Democrats’ patience is running out.  “We have to be honest with ourselves and say it wasn’t just a horrible night,” Democratic Congressman Mike Quigley told CNN on Tuesday.  A poll released Tuesday by CNN has further fueled fear in the Democratic camp: 75% of voters surveyed believe the party would have a better chance in November with another candidate.  Trump has 49% of the votes nationwide, compared to 43% for his rival, a difference that has not changed since the last poll of this type, carried out in April.  Vice President Kamala Harris, though she would not win, would be in a better position, with 45% to the former Republican president’s 47%.  Other potential Democratic candidates, some of them little known to the public, would face Donald Trump with scores similar to the current president’s, despite their lack of notoriety, such as California Governor Gavin Newsom, Transportation Secretary Pete Buttigieg and Michigan Governor Gretchen Whitmer.

 

“I blame the campaign team for ignoring the questions people are asking,” said Senator Peter Welch in an interview with the Semafor website.  Recent articles, notably from Axios and Politico, speak of a president who would only be fully functional between 10 a.m. and 4 p.m., and who would only read written memos to avoid gaffes.  Since his election, the oldest president in US history has suffered a noticeable physical deterioration.  The White House has so far consistently dismissed questions about Joe Biden’s intellectual acumen.  A recent Wall Street Journal investigation into the octogenarian’s “decline” earned the paper a reprimand from its communications team.  The US president, who has fallen several times in public, has stopped using the long gangplank of his plane for months.

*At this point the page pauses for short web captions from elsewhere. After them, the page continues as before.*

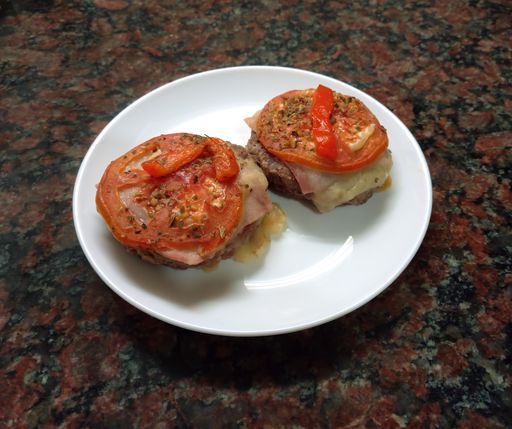 closeup shot of a homemade hamburger or ground meat burger with cheese, ham, tomato, red bell pepper and oregano in a plate on dark granite background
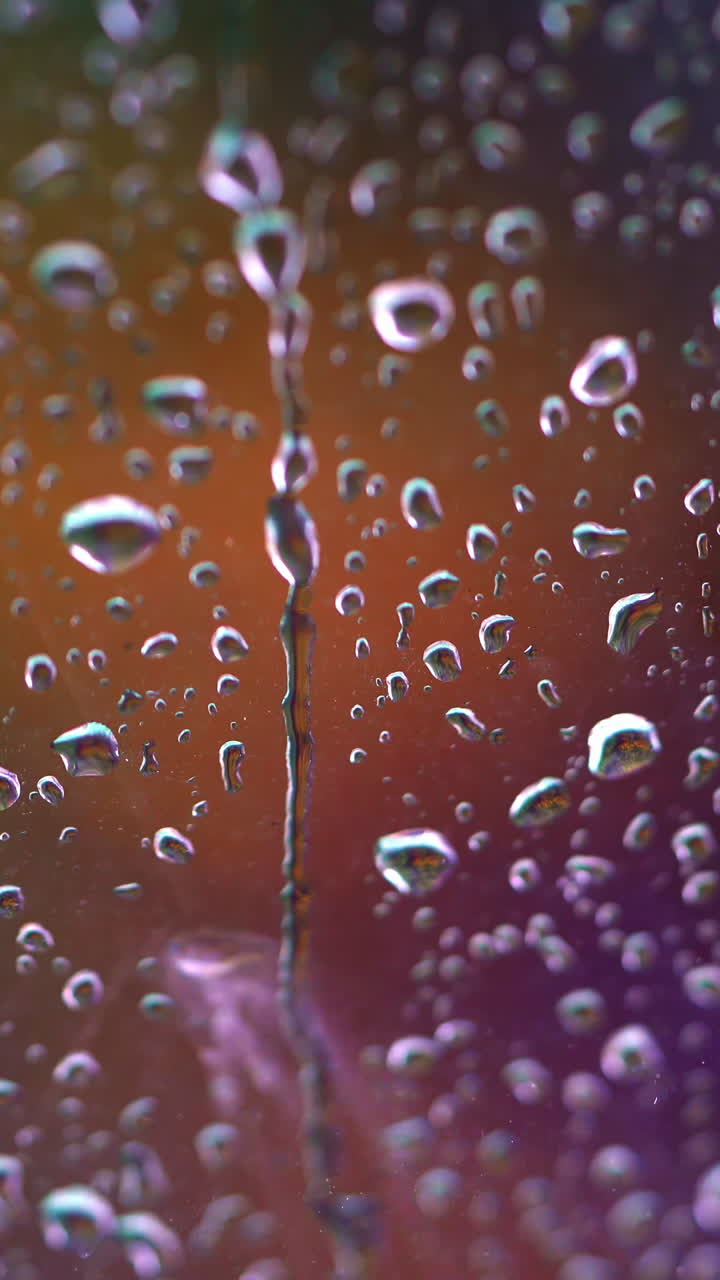 Droplets on colorful background. Raindrops flow down the glass window. Drops of water falls into the window. Close-up. Vertical video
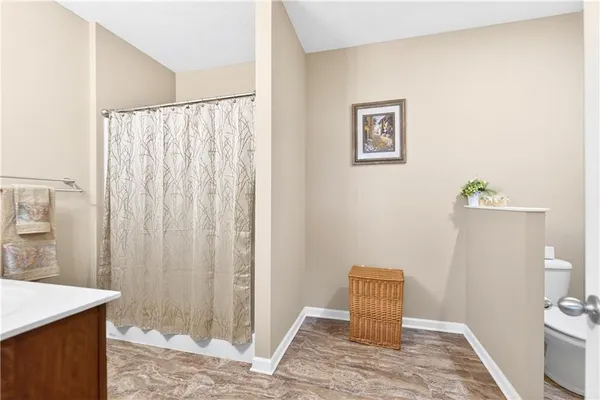 a view of room with window and bathroom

He prefers a shorter and more stable ladder.

 

For several weeks now, he has also surrounded himself with advisers as he travels from the White House to his helicopter on the lawn, which prevents the cameras from recording his very stiff gait.  The gaffe-prone US president has not given a lengthy press conference since January 2022 and has reduced the number of impromptu remarks he makes to reporters.  The Democrat spends most of his weekends at one of his homes in Delaware, with no official schedule.  When Joe Biden recently visited France to commemorate the Allied landings of 1944, he went straight from the airport to his hotel, where he stayed for a whole day, without making any public appearances.